Saturday, January 12, 2013

January 13, 2013 10:51 A.M.


January 13, 2013 10:51 A.M.

The last few days got away from me.  I spent four days in an OPRECY training, the premier training offered through Bopha’s organization. Bopha was excited that I was able to attend this particular session, as it was led in English (I'm only up to about 5 words in Khmer) by Cristopher Lee, the founder of the Human-Earth Development Center (HEDC).  Cristopher is in his late 60’s, an Australian citizen of Indonesian and Chinese heritage, who has lived and worked in Cambodia for much of the last 16 years. He spent 34 years working on the technical side of community development in developing countries. His specialty is in fisheries, and trained rice farmers, who he said all over the world are poor farmers, to add value to their farms by also raising fish. However, after years providing technical training he found that most people did not change their behaviors. He came to the conclusion that "it is wrong to assume if you teach people to know, they will do what they know."  He started HEDC in 1999 to build leadership capacity through personal empowerment. His vision is global, but his approach is individual. HEDC works to awaken the individual’s sense of purpose and meaning, their fundamental love of life, in order to help free them from the self-limiting thinking that holds so many people back from achieving their goals, or even setting goals.

Christopher talked about the way that the scarcity and danger become an operating system for so many people – their every decision is filtered through the belief that inevitably the world is not safe and there will not be enough. And while the message he delivers is that all people were born to succeed – the truth remains that for many people in Cambodia, and all over the world, resources are limited and conditions are unsafe. People are picked up every day here for being perceived as a threat to the government. Three times in two days Olivia’s driver was forced to pay bribes to law enforcement.
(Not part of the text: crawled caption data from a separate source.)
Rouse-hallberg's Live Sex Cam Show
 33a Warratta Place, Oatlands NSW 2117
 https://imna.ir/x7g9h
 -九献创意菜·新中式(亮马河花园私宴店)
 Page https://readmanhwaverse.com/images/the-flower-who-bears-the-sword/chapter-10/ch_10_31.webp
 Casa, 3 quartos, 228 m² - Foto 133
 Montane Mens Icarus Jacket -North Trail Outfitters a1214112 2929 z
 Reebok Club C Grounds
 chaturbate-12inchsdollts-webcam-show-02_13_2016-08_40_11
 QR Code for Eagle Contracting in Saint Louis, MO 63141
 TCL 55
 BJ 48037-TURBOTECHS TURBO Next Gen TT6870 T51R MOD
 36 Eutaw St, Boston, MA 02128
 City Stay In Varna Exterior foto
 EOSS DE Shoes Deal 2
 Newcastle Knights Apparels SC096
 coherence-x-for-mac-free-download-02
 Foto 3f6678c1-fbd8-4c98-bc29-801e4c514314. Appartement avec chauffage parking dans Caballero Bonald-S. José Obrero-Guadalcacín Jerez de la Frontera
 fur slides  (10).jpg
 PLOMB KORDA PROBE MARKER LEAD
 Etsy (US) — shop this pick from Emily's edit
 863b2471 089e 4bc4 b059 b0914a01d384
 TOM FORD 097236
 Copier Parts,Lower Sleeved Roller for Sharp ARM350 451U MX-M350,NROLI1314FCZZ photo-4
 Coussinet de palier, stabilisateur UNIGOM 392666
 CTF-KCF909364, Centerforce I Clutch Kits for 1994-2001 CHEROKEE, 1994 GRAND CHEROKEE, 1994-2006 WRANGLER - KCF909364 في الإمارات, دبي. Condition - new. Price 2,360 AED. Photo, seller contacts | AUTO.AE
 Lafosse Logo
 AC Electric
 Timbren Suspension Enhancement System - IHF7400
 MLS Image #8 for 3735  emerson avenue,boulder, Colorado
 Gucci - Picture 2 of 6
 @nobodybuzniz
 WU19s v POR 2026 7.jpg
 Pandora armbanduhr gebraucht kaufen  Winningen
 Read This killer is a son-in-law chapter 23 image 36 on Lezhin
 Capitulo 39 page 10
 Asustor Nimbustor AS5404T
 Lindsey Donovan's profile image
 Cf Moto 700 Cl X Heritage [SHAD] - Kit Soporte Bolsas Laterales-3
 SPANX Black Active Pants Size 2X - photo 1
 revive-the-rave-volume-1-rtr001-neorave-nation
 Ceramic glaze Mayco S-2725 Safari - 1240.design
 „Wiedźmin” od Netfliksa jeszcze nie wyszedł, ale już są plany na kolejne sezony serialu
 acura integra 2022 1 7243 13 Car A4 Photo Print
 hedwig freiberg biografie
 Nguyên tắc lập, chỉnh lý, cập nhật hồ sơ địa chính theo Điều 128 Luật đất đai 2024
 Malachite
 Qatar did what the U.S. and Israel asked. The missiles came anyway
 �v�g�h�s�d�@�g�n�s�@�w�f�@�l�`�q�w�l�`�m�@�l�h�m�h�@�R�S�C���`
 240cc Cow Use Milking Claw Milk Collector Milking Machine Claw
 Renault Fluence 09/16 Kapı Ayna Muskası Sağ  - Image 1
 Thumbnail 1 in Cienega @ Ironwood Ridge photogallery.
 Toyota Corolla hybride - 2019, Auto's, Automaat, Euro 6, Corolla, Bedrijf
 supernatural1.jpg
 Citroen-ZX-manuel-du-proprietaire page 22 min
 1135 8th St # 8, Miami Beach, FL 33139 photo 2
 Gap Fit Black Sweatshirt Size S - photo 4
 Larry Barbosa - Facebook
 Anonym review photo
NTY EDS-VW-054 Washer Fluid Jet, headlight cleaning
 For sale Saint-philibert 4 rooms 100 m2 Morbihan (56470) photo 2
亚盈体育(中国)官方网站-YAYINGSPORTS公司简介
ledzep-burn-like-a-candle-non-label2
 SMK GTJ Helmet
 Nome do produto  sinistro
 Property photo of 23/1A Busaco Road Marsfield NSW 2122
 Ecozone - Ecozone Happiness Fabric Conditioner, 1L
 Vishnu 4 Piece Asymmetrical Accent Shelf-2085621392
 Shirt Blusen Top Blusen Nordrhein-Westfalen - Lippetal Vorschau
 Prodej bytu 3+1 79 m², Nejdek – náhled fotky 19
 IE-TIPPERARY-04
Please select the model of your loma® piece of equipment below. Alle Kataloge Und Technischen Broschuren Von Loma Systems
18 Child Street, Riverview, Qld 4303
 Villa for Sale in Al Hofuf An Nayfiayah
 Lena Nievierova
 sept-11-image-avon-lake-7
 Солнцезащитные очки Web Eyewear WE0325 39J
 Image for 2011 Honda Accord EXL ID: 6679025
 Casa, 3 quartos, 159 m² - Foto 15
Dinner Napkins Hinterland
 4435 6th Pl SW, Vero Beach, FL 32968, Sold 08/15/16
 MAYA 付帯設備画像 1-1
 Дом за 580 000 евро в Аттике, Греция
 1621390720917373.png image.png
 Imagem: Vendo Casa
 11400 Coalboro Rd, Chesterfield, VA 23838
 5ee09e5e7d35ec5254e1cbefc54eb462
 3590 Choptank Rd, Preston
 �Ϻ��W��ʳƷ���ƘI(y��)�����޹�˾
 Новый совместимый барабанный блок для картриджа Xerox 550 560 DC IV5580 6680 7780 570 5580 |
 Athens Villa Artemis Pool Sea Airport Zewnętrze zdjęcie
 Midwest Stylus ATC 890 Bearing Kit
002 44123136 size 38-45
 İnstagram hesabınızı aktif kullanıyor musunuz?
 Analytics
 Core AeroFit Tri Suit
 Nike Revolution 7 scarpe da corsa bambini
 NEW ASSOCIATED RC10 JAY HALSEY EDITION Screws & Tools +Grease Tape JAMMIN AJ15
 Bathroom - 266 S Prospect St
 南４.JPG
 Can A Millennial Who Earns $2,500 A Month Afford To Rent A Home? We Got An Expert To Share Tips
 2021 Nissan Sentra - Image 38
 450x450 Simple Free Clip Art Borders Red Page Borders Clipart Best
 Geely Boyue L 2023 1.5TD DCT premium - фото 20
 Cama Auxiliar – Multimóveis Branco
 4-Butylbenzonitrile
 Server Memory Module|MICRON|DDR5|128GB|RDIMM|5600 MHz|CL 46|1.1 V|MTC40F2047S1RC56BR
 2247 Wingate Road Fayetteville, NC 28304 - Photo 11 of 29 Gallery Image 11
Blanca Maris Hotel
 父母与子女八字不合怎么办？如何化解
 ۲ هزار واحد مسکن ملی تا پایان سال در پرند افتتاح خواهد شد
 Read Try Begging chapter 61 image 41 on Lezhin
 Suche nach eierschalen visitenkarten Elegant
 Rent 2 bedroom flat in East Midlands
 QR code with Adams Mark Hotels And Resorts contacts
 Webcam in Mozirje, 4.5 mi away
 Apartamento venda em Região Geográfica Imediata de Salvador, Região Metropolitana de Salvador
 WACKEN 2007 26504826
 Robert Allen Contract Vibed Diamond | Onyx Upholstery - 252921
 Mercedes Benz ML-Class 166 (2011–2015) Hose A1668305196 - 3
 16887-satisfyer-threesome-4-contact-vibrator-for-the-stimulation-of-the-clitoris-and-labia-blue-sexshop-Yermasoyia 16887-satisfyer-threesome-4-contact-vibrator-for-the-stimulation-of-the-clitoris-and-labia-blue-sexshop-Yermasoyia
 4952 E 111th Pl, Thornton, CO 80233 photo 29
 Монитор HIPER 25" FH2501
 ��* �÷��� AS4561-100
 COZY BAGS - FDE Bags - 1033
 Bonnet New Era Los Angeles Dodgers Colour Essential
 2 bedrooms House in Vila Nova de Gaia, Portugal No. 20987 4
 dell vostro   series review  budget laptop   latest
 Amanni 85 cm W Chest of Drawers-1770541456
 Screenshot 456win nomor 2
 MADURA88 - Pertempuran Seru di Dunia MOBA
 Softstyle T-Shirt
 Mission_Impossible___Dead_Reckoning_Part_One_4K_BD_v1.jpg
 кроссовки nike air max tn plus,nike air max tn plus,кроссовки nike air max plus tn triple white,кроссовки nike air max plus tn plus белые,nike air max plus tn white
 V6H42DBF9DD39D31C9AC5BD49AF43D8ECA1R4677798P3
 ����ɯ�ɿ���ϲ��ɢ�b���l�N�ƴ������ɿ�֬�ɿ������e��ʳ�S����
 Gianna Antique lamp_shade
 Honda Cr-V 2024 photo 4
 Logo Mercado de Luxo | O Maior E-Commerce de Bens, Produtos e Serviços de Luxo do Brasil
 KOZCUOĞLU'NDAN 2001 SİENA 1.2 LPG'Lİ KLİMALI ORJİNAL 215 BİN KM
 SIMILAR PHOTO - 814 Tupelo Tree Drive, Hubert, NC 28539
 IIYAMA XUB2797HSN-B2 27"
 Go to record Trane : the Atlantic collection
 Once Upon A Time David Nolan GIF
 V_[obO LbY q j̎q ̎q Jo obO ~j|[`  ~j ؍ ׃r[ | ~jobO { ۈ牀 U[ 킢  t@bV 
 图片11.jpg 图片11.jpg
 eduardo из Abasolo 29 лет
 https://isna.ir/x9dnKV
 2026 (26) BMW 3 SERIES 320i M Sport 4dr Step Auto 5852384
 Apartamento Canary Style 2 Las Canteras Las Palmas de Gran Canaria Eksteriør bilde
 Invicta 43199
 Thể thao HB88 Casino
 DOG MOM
Children attend schools where teachers are paid $30 a month – ½ the salary of a garment worker, who make poverty wages – and the way many teachers survive is to charge a “fee” for grades. The hundreds of begging amputees I have seen in this short time are testament to the landmines that still litter the country side. Every Cambodian is born to succeed- but if they do not, it is not simply because they did not believe in themselves.

And, of course, I absolutely agree with the OPRECY model – change is not possible unless we first believe it is possible.

I was struck by many things over the four days, but perhaps most significant was an overwhelming awareness of the privilege of growing up positioned in a social location where my safety was assured in my home, my neighborhood, my state and my country . Where there was never a question that my basic needs be met. Where a sense of agency – of my ability to dream and achieve - was instilled early and reinforced often.  And this experience sharpens my purpose, to continue to build communities in my own country where this is increasingly true for all. 
Mudhita, Bopha's youngest, playing with a stem.